This tool installs NixOS anywhere via SSH. With the help of Qwen I created a new script (app in my config) that encapsulated prompts for the target machine, asking for the SSH user, key and IP address of the target machine, and then executed the nixos-anywhere command:

nixos-anywhere \
  --flake ".#${FLAKE_TARGET}" \
  --target-host "${SSH_USER}@${ORACLE_HOST_IP}" \
  --build-on-remote \
  --ssh-option "IdentityFile=${SSH_KEY}" \
  --debug

With the script ready I just executed the command, and the whole system was supposed to be now up and running on NixOS:

nix run .\#deploy-oracle

That was not the case, of course, as suddenly NixOS failed to boot:

[  468.857701] EXT4-fs (sda1): I/O error while writing superblock
[  468.860109] Buffer I/O error on device sda1, logical block 250880
[  468.862302] Buffer I/O error on device sda1, logical block 23742
[  468.864355] Buffer I/O error on device sda1, logical block 23746
[  468.865834] Buffer I/O error on device sda1, logical block 23748
[  468.867183] Buffer I/O error on device sda1, logical block 23749
[  468.868545] Buffer I/O error on device sda1, logical block 23753
[  468.870004] Buffer I/O error on device sda1, logical block 23756
[  468.872011] Buffer I/O error on device sda1, logical block 23760
[  468.874025] Buffer I/O error on device sda1, logical block 23762
[  468.875793] Buffer I/O error on device sda1, logical block 23763
[  474.199316] EXT4-fs error (device sda1): ext4_journal_check_start:84: comm kworker/u16:3: Detected aborted journal
[  474.202024] I/O error, dev sda, sector 2099200 op 0x1:(WRITE) flags 0x3800 phys_seg 1 prio class 2
[  474.204179] Buffer I/O error on dev sda1, logical block 0, lost sync page write
[  474.205545] EXT4-fs error (device sda1): ext4_journal_check_start:84: comm systemd-journal: Detected aborted journal

I thought the issue was with the disko config, or partitioning and formatting the disk while the system was still running Ubuntu, or that somehow kexec was not able to do its job in this particular environment. Searching for similar issues and consulting Claude and Qwen did not really result in any breakthrough.

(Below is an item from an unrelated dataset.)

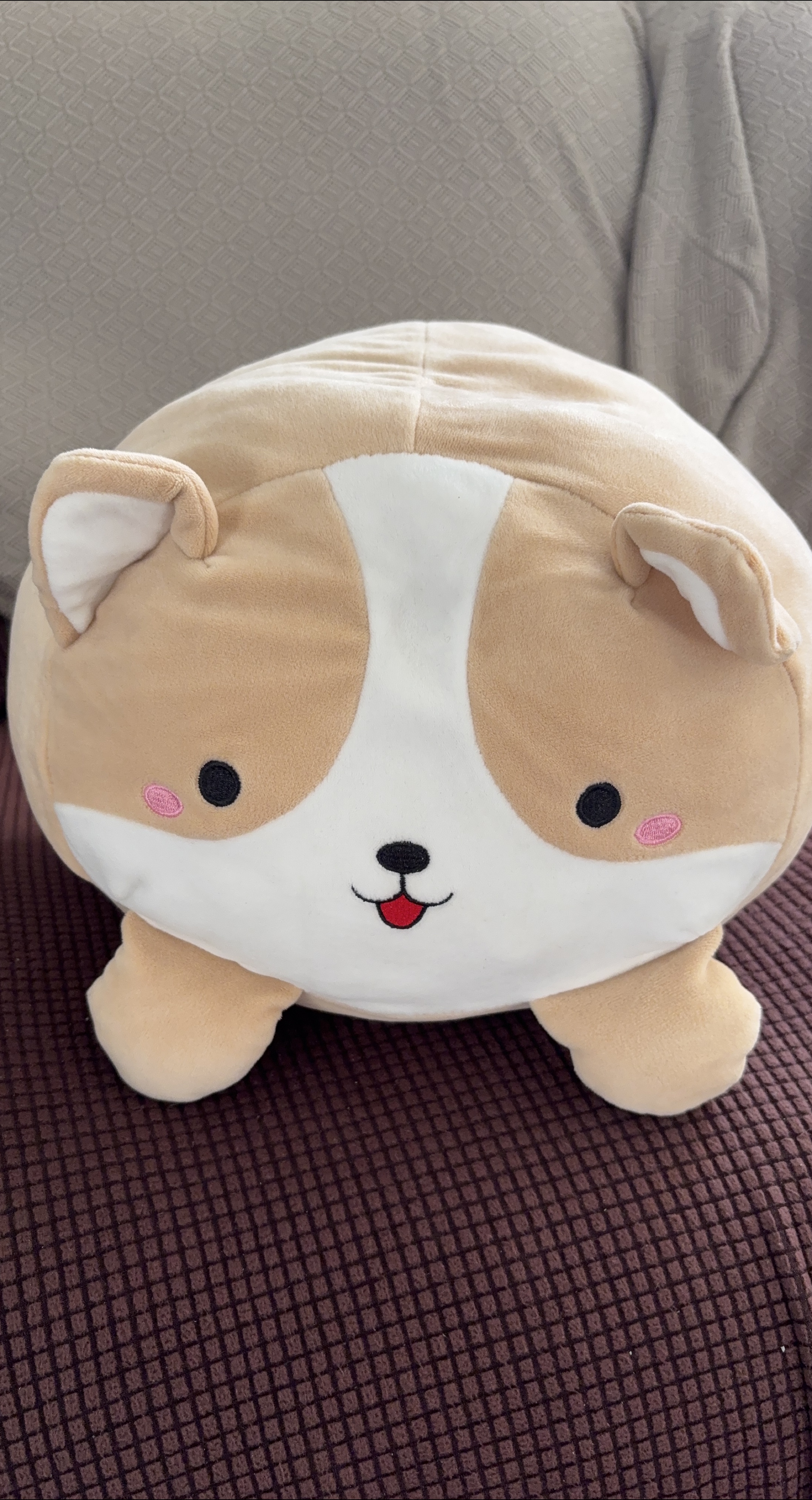 Corgi Plush Pillow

I thought perhaps the source Ubuntu was the problem, so I terminated the OCI VM and created a new one, this time with Oracle Linux. Running the same script with nixos-anywhere, the same disko config now worked without any issues and soon I was able to log in to a brand-new NixOS system!

Secrets Management

Since I would eventually need secrets to be decrypted and available on the new host, I needed to add the new host keys to my secrets repo. Sops-nix supports two basic ways of encryption, GPG and age. age keys can be generated or SSH host/user keys in Ed25519 format can be converted to them.

Normally, I would have to obtain the newly generated SSH host key on the newly installed NixOS machine, convert it to age, re-encrypt my secrets, and build-switch again to make them available. This is possible of course, but it would be better if this could be done automatically by my deploy-oracle script.

nixos-anywhere offers the capability to copy some files to the target machine using --extra-files flag. You can prepare the needed folder structure as a temporary directory on the initiating host and that structure will be copied over to the target. I decided to forgo the host SSH key and simply generate my own age key dedicated for the new host, and copy it over during nixos-anywhere deployment.

The updated script then:

  1. Generates a new age key for the new host.
  2. Adds the newly generated key to .sops.yaml and as a secret to the encoded file in the appropriate places in YAML files.
  3. Updates keys/re-encrypts the secrets, shows the diff for review and commits to the repo.
  4. Updates secrets flake input, so that updated keys are available for nixos-anywhere and build-switch.
  5. Prepares the age keys in a temporary location.
  6. Deploys with nixos-anywhere using --extra-files to move the age keys to the appropriate place on the host.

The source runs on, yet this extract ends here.